Print, exactly as they appear in the listing below, the lines from the line with "INC Womens Printed Long Maxi Dress Pink 6" to the line with "Men's Oxfords Brogue", with both end lines kept.

[[ RECORDS SHOWN open ]]

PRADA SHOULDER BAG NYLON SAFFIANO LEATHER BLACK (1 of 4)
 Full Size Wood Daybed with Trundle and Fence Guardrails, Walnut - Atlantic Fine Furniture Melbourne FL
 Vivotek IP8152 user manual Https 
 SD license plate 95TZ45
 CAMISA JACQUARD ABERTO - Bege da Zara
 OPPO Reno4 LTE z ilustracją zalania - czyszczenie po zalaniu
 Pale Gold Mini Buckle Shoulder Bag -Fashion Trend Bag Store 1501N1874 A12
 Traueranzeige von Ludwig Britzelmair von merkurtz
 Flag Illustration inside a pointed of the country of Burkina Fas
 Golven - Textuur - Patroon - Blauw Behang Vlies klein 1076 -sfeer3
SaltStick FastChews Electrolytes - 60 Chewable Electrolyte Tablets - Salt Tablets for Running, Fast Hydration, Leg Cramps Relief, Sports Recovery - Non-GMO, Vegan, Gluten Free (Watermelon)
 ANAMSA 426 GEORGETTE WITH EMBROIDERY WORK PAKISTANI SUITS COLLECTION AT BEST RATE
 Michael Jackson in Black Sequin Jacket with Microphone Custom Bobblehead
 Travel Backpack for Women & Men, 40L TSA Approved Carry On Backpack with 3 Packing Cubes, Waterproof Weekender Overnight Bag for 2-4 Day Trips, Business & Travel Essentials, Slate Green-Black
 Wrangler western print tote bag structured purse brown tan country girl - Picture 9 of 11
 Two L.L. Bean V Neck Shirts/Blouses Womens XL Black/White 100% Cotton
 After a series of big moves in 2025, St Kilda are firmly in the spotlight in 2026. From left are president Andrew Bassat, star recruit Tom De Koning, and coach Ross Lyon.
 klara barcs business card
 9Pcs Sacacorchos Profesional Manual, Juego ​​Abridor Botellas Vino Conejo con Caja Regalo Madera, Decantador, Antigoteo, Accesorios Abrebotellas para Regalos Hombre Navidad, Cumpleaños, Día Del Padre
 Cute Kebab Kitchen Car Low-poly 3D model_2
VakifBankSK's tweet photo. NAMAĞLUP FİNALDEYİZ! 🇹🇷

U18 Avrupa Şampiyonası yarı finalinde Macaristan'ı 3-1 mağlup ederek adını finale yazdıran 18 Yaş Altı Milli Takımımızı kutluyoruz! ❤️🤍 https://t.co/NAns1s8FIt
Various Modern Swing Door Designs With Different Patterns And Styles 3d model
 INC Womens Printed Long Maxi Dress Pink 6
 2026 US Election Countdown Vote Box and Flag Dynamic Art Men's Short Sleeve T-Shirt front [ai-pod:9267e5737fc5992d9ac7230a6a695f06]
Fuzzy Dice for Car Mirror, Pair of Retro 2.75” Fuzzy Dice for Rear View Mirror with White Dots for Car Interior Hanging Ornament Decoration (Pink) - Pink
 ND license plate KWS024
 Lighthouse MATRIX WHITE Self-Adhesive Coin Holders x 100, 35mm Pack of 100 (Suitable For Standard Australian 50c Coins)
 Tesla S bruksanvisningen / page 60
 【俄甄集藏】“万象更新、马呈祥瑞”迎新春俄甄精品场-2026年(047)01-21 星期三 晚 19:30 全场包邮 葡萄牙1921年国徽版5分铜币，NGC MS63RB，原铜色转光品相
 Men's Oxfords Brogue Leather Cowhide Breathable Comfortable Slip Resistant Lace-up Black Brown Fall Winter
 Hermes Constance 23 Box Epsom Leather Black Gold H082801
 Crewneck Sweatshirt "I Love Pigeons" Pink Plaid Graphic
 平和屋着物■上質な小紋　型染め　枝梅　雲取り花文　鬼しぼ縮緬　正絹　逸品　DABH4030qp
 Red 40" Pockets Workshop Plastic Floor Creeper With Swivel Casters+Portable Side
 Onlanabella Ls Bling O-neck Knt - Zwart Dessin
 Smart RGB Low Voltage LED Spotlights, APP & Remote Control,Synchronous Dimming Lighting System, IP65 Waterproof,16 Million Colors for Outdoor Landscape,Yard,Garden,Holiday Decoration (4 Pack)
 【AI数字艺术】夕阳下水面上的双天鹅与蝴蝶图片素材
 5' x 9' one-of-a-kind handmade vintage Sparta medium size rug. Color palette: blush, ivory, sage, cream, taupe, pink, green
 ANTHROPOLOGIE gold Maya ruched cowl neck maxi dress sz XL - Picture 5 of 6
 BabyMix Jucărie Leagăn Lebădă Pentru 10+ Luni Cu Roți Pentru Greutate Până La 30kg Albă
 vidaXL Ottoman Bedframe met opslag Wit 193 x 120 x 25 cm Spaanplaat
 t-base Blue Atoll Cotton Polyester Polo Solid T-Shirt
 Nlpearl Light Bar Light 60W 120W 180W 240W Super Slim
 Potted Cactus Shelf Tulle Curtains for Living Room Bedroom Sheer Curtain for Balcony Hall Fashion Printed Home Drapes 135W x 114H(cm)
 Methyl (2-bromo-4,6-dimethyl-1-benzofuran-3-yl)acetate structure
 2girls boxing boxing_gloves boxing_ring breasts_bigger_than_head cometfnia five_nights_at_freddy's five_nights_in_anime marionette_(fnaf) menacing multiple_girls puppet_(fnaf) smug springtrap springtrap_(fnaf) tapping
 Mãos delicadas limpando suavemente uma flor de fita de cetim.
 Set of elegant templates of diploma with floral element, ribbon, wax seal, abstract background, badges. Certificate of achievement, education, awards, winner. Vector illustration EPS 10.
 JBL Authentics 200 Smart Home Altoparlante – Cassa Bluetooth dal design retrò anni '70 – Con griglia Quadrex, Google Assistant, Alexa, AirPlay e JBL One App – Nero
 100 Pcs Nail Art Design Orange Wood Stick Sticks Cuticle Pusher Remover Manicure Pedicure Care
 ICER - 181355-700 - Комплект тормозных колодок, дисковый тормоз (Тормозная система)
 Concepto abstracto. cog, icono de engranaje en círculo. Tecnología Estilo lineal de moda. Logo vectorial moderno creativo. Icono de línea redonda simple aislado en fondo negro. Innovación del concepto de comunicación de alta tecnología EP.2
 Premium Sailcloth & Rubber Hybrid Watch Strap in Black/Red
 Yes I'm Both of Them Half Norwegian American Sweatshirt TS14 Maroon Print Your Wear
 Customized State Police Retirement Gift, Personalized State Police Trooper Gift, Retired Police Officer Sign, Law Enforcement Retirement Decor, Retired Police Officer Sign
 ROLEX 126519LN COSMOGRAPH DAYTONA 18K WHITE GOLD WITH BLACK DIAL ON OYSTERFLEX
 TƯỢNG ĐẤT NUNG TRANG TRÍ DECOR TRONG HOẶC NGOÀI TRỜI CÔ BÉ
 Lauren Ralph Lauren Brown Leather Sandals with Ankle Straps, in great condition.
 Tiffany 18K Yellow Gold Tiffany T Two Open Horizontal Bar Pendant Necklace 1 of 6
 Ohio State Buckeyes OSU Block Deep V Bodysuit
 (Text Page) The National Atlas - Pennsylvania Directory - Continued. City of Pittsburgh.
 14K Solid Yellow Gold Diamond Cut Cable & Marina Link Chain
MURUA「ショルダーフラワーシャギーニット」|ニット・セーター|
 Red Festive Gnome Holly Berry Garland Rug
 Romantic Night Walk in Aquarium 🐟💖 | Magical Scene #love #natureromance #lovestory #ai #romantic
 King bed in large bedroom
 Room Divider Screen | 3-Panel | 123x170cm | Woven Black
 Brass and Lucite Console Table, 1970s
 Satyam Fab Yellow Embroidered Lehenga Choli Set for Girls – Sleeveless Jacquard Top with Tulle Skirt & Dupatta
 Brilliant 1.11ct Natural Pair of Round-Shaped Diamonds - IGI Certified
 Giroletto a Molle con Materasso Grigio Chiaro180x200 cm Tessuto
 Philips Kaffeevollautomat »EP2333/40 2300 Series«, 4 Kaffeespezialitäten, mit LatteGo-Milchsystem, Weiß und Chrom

[[ RECORDS SHOWN closed ]]

REPLY
 INC Womens Printed Long Maxi Dress Pink 6
 2026 US Election Countdown Vote Box and Flag Dynamic Art Men's Short Sleeve T-Shirt front [ai-pod:9267e5737fc5992d9ac7230a6a695f06]
Fuzzy Dice for Car Mirror, Pair of Retro 2.75” Fuzzy Dice for Rear View Mirror with White Dots for Car Interior Hanging Ornament Decoration (Pink) - Pink
 ND license plate KWS024
 Lighthouse MATRIX WHITE Self-Adhesive Coin Holders x 100, 35mm Pack of 100 (Suitable For Standard Australian 50c Coins)
 Tesla S bruksanvisningen / page 60
 【俄甄集藏】“万象更新、马呈祥瑞”迎新春俄甄精品场-2026年(047)01-21 星期三 晚 19:30 全场包邮 葡萄牙1921年国徽版5分铜币，NGC MS63RB，原铜色转光品相
 Men's Oxfords Brogue Leather Cowhide Breathable Comfortable Slip Resistant Lace-up Black Brown Fall Winter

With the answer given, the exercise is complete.